Every line of the material must be given again verbatim. Skip the images.

__Dataset excerpt__.
########################################

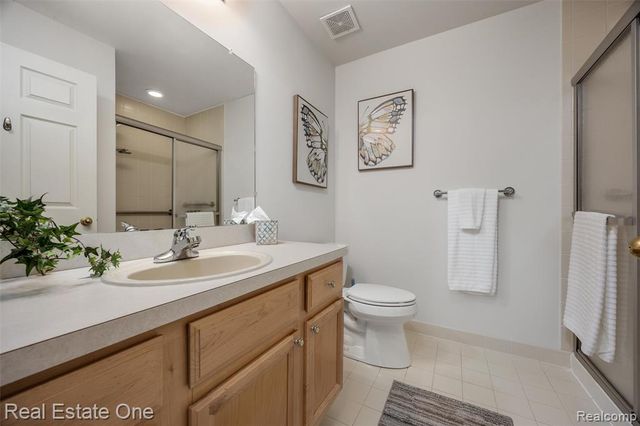 4104 Chesapeake Circle, Walled Lake, MI 48390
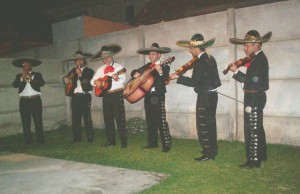 julio Anuncios gratis en Alhu&eacute; |  SERENATAS CON MARIACHIS TIJUANA, , a 45.000, la serenata con 4 mariachis de lunes a domingo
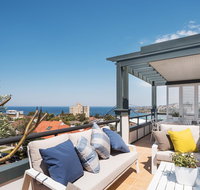 Ocean Views on Coogee Beach - Airlie Beach Holiday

########################################

__Answer__.
 4104 Chesapeake Circle, Walled Lake, MI 48390
 julio Anuncios gratis en Alhu&eacute; |  SERENATAS CON MARIACHIS TIJUANA, , a 45.000, la serenata con 4 mariachis de lunes a domingo
 Ocean Views on Coogee Beach - Airlie Beach Holiday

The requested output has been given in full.